In its ruling, the SJC found that the proposal violated the State Constitution’s explicit requirement that ballot initiatives contain only policy matters that are clearly related or mutually dependent.  The Court held that the proponents of the amendment improperly combined sending on education and infrastructure, which are discrete policy subjects You can view the full text of the SJC decision written by Justice Gaziano here.

The Council’s board of directors and a team of partners has worked together for nearly 3 years to challenge this attempt to severely limit the Legislature’s deliberative taxing and spending authority and establish state fiscal policies in direct violation of the Constitution.  Special thanks to Attorney Kevin Martin and his associates David Zimmer and Joshua Bone of Goodwin Procter for the well-crafted and delivered arguments.

We had a lot of support.  As the lead and coordinating plaintiff, I was joined by four other business leaders from Associated Industries of Massachusetts, the National Federation of Independent Business, the Massachusetts Competitive Partnership, and the Massachusetts Taxpayers Foundation as co-plaintiffs in the legal challenge which was commenced in the Massachusetts Supreme Judicial Court (SJC) in October 2017.

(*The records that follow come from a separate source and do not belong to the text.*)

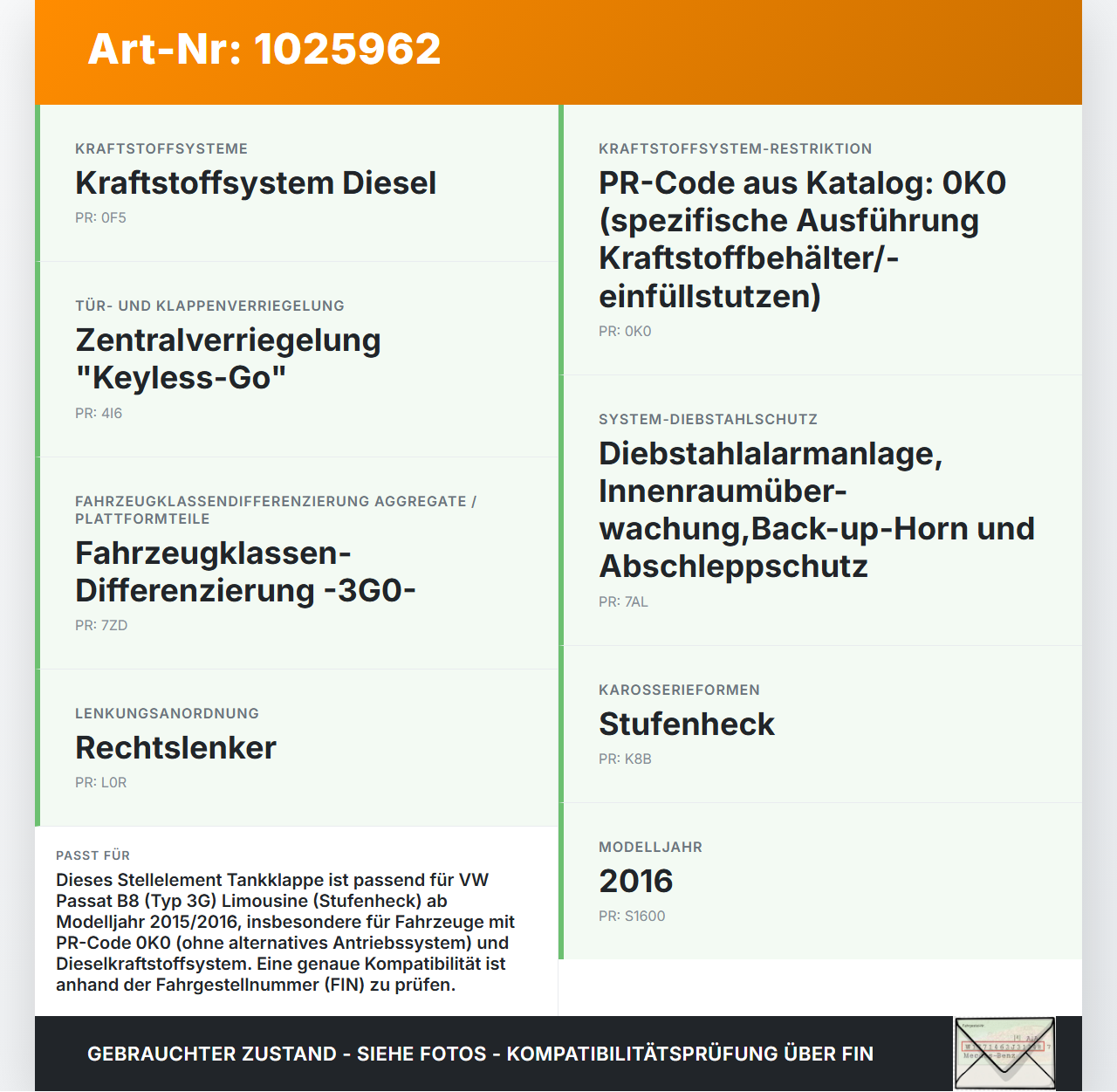 VW Passat B8 3G 14-19 Tankdeckel Stellmotor Tankklappenmotor VW Passat B8 3G 14-19 20.07.2015 510.810.773 gebraucht Vorschau 3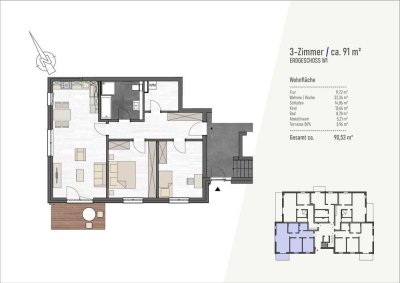 Neubau. Stilvolle 3-Zimmer-Wohnung mit Terrasse in Wismar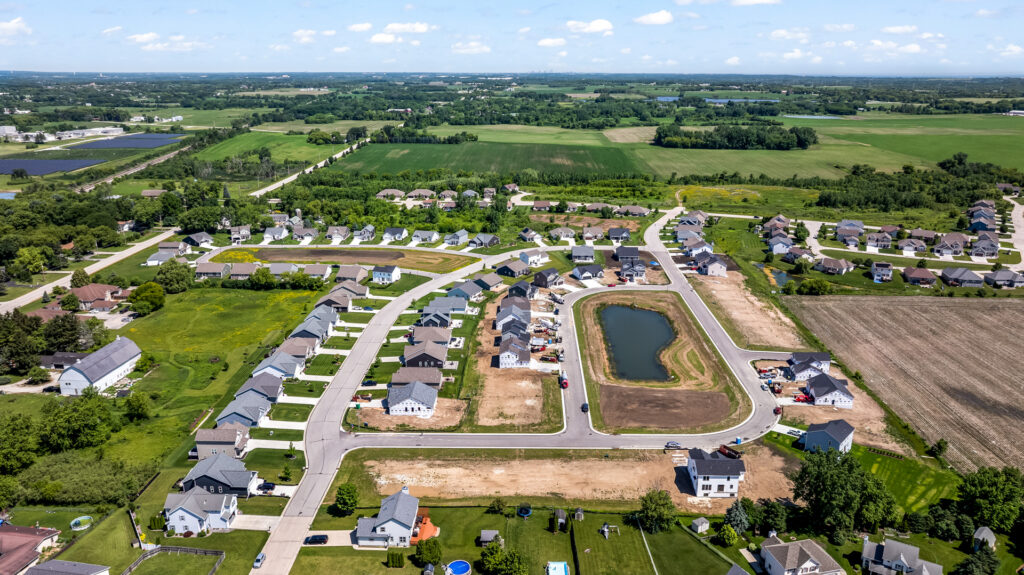 Aerial View of Prairie Pathways in Franksville WI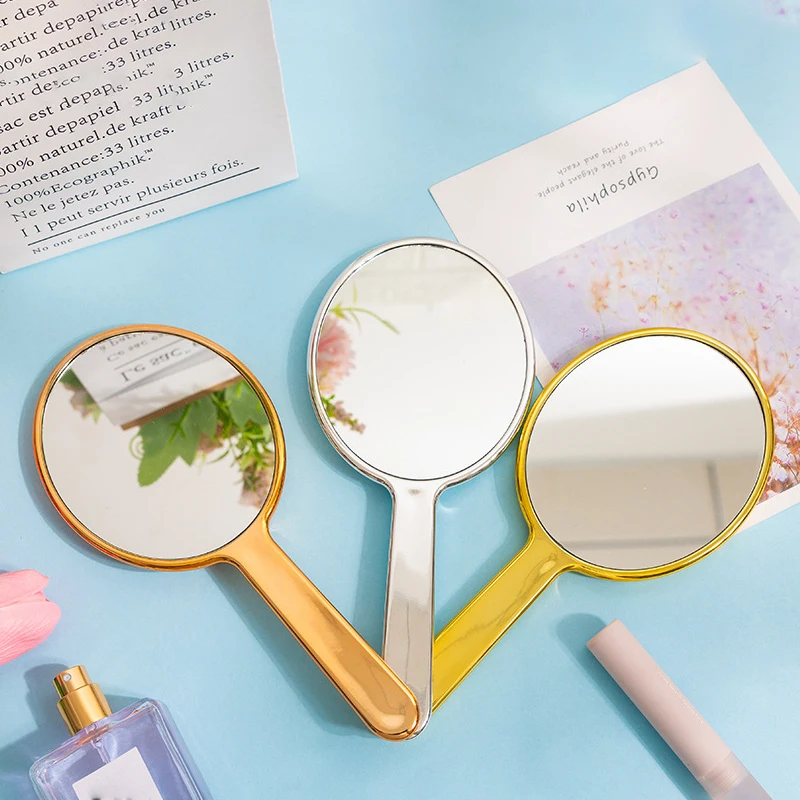 1Pcs Silver/Gold Elliptical Electroplated Handle Makeup Mirrors Beauty Portable Round Hand Hand Small Make Up Tool Accessories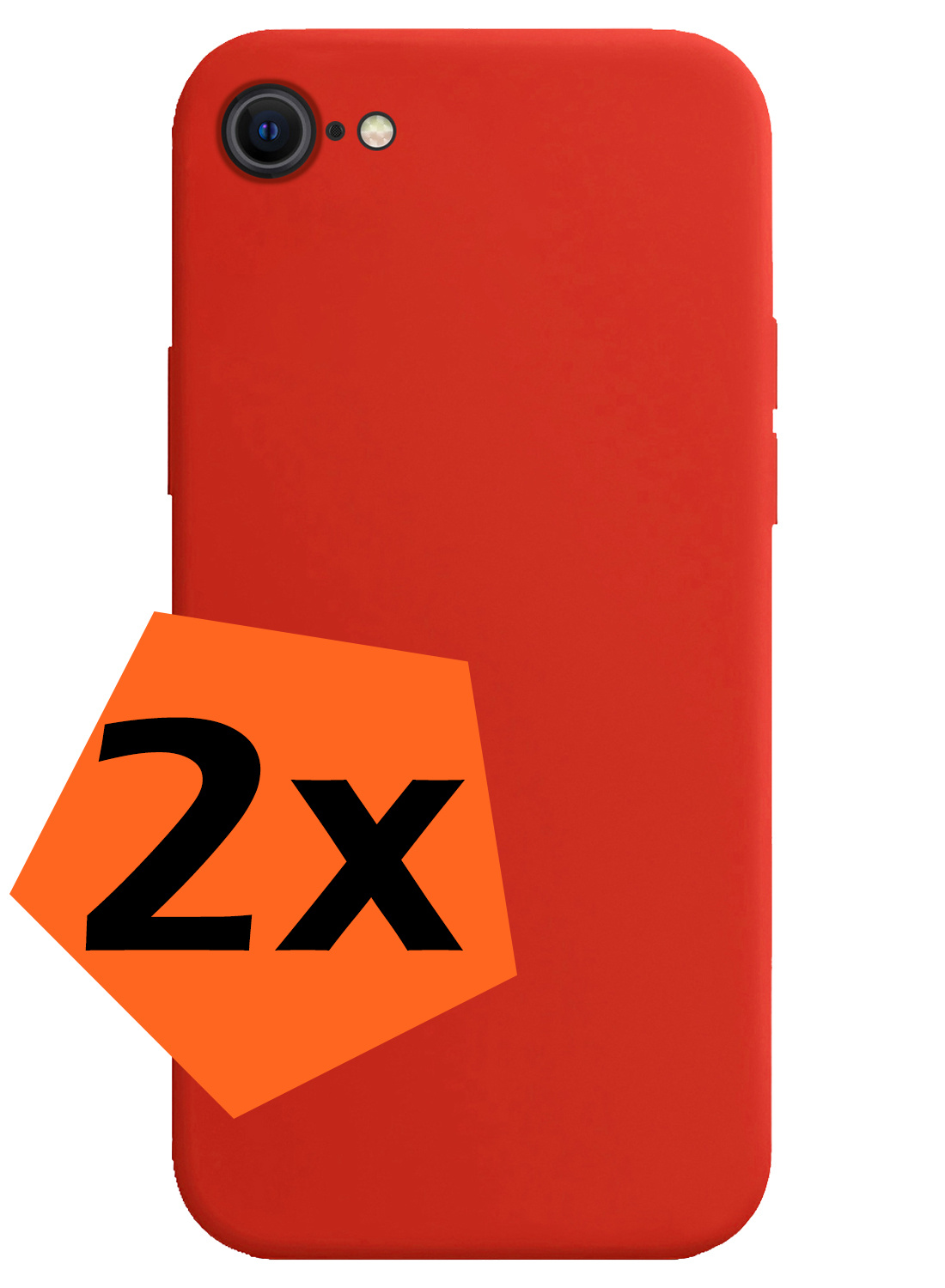 Nomfy Hoesje Geschikt voor iPhone SE 2020 Hoesje Siliconen Cover Case - Hoes Geschikt voor iPhone SE (2020) Hoes Back Case - 2-PACK - Rood
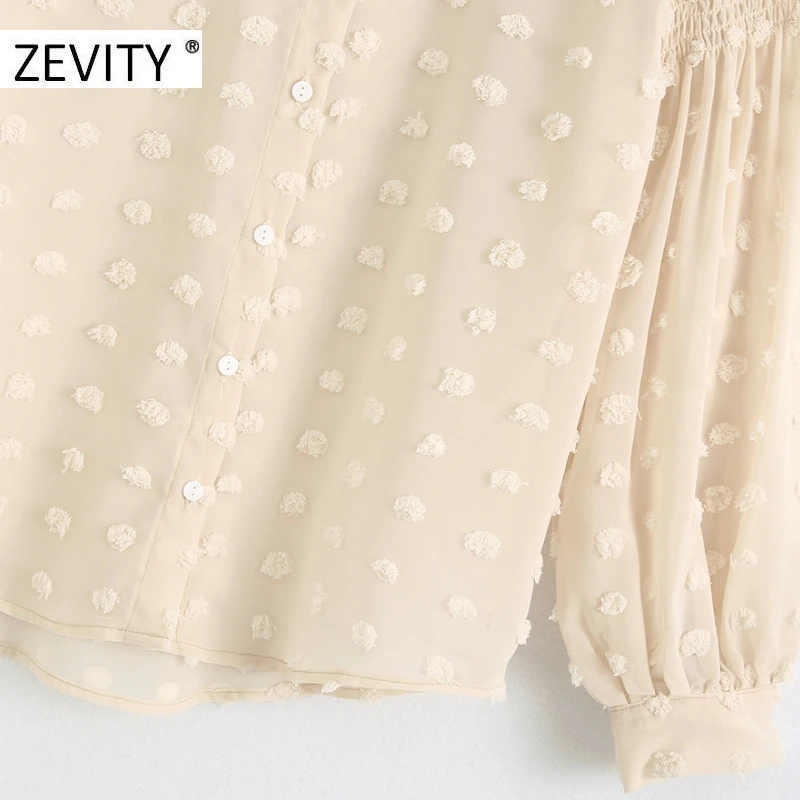 ZEVITY women fashion dot stitching appliques casual smock blouse office ladies lantern sleeve chiffon shirts blusas tops LS7194 ZEVITY women fashion dot stitching appliques casual smock blouse office ladies lantern sleeve chiffon shirts blusas tops LS7194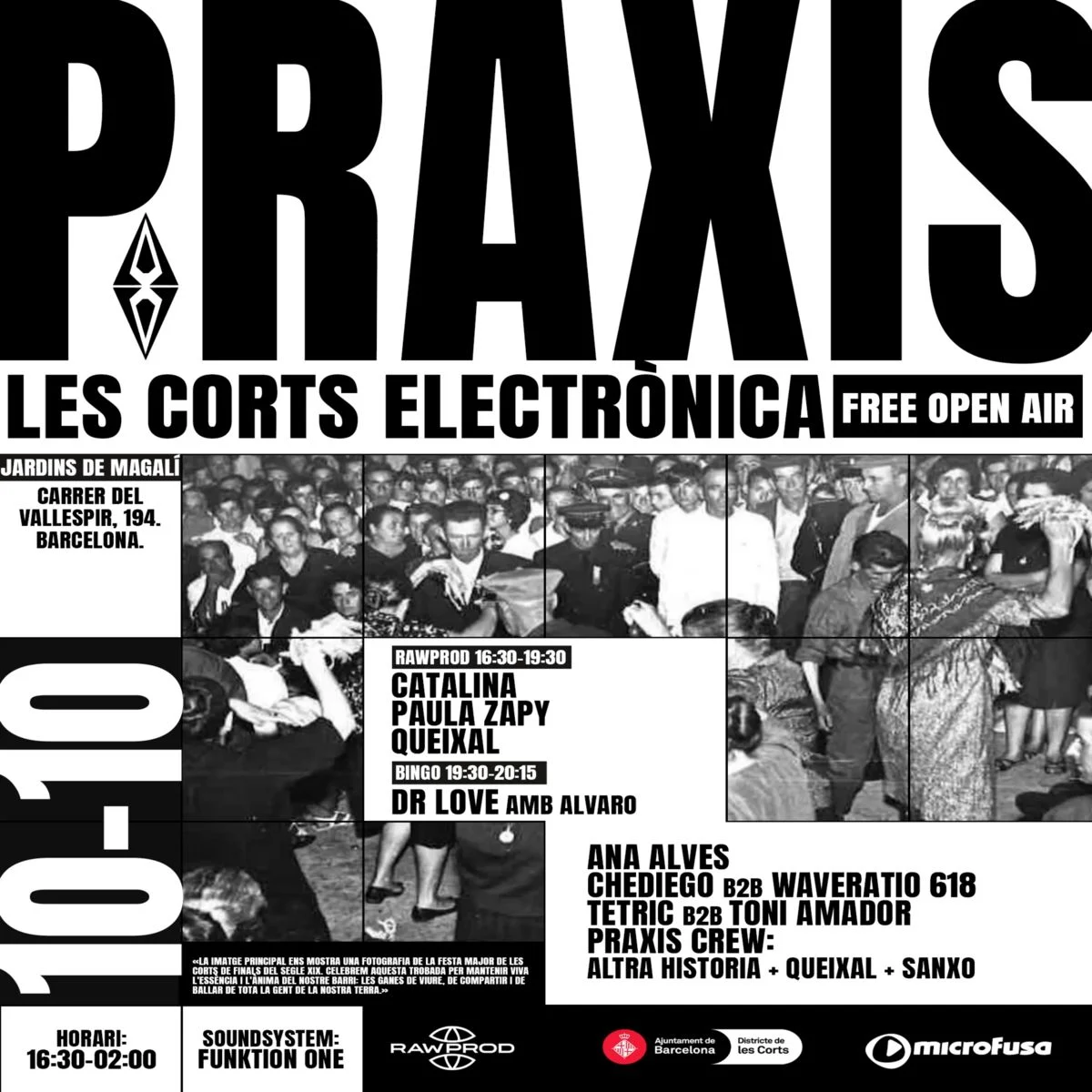 Cartel de LES CORTS ELECTRÒNICA (OPEN AIR + FUNKTION ONE): 10 de octubre de 2026 en Jardins de Magalí (Carrer del Vallespir…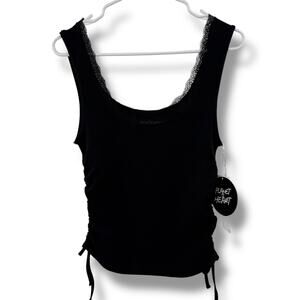 NEW Planet Heart Black Cinched Tank Top Size Medium Lace Trim Ruched Crop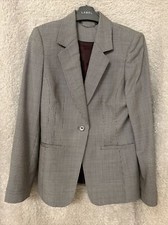 Austin Reed Signature 100% Wool Dog Tooth Blazer Black Burgundy Mix Size 10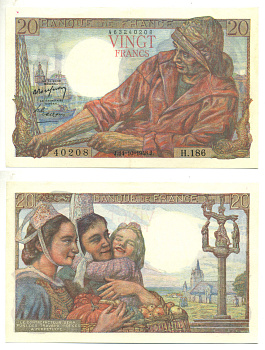 ФРАНЦИЯ 20 ФРАНКОВ 1948 14 ОКТЯБРЯ 1948 Pick 100c бумага 3295-20-1-1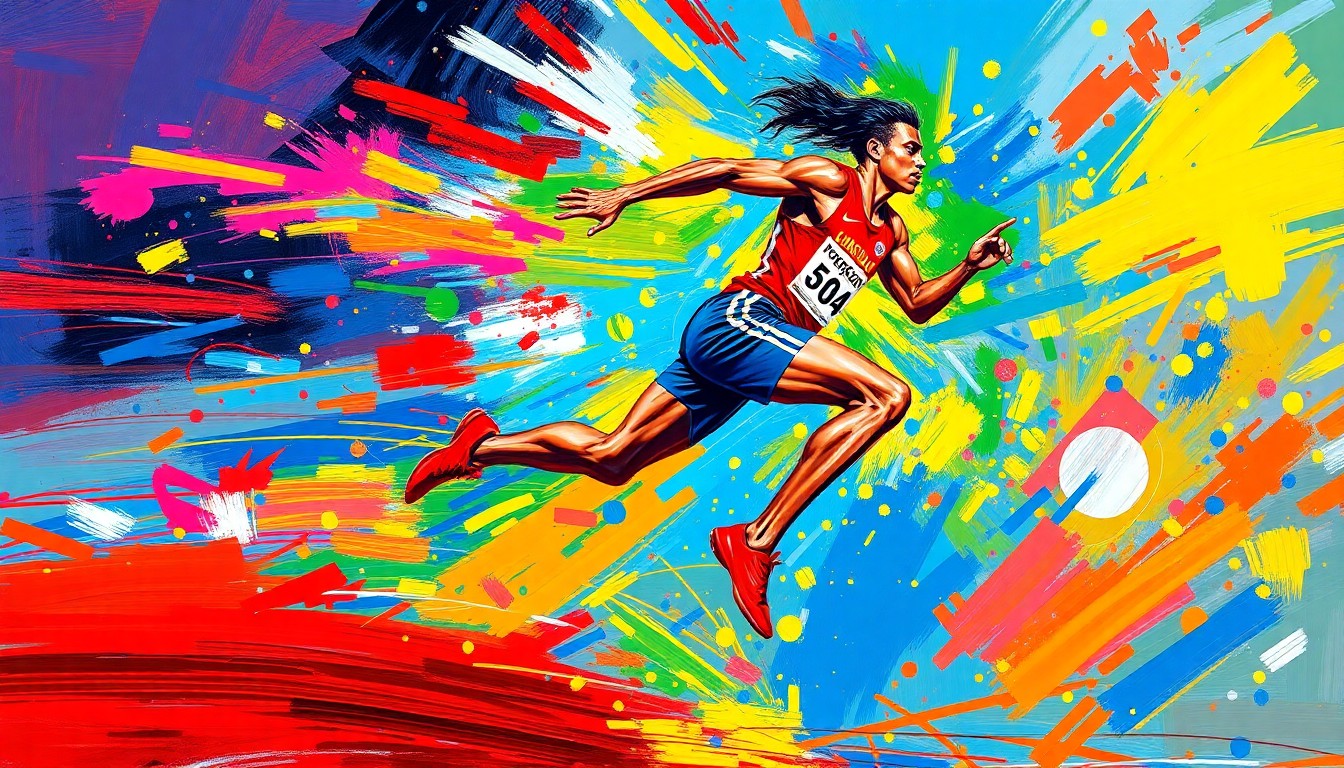 An abstract, energetic painting with vibrant neon brushstrokes depicting the dynamic motion of a high-jumping track and field athlete.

2018-2022: The Path to Fiscal Stability-A Unified Response to Address Root Causes

Throughout the multi-year process of opposing the constitutional amendment proposal, Massachusetts business leaders continually asked: “What is driving this insatiable demand for new revenues?”  Council leaders have observed consistently low unemployment, enormous levels of capital investment, and significant annual increases in state revenues for nearly a decade.  Yet the state seems stuck in a continuing cycle of fiscal crises around its now $41B annual budget, marked by recurring demands for higher taxes on employers and growing concerns that many of the Commonwealth’s economic and quality of life priorities (including education and transportation) are being underfunded.

As Massachusetts’ economic engines have hummed along in high gear in recent years, too few policymakers and political leaders have focused on the Commonwealth’s fundamental fiscal challenges.  But in case after case around the nation, the taxation and spending policies of individual states’ -both the decisions they make and how they make them- are an increasingly important differentiator in the global competition for job creation and capital investment.

Council Chairman Aron Ain’s remarks at our 2018 Annual Meeting (see video highlights here) the day after the SJC’s affirmation of our challenge, and the Council’s July 4, 2018 Boston Globe opinion editorial summarize why we believe it is necessary to now take the lead on helping strengthen the state’s public finances and improve its fiscal stability.

The Commonwealth must prioritize these state fiscal stability challenges that threaten the conditions for investment, employment growth and quality of life in Massachusetts, including a world-class public education system and 21st Century transportation infrastructure.  Chief among the challenges to be addressed is the explosive growth in the cost of MassHealth, the state’s Medicaid program, which now accounts for more than 40% of the total state budget.

A unified community of job creators deeply engaged with state policymakers will be critical to advancing the solutions necessary to put the Commonwealth on more secure financial footing.  The Council is dedicated to growth and committed to action and we look forward to helping unify our Commonwealth’s leaders around an agenda that will keep Massachusetts moving forward.

Increasingly, the Massachusetts High Technology Council is stepping up to create, execute, and lead critical statewide competitiveness strategies. Fostering a vision for our innovation economy under the MassVision2050 banner, the Council solidifies its position as a thought leader providing valuable insights to navigate emerging technologies, facilitates long-term planning, and reinforces the Council's commitment to excellence and action in the evolving Massachusetts tech-driven economy.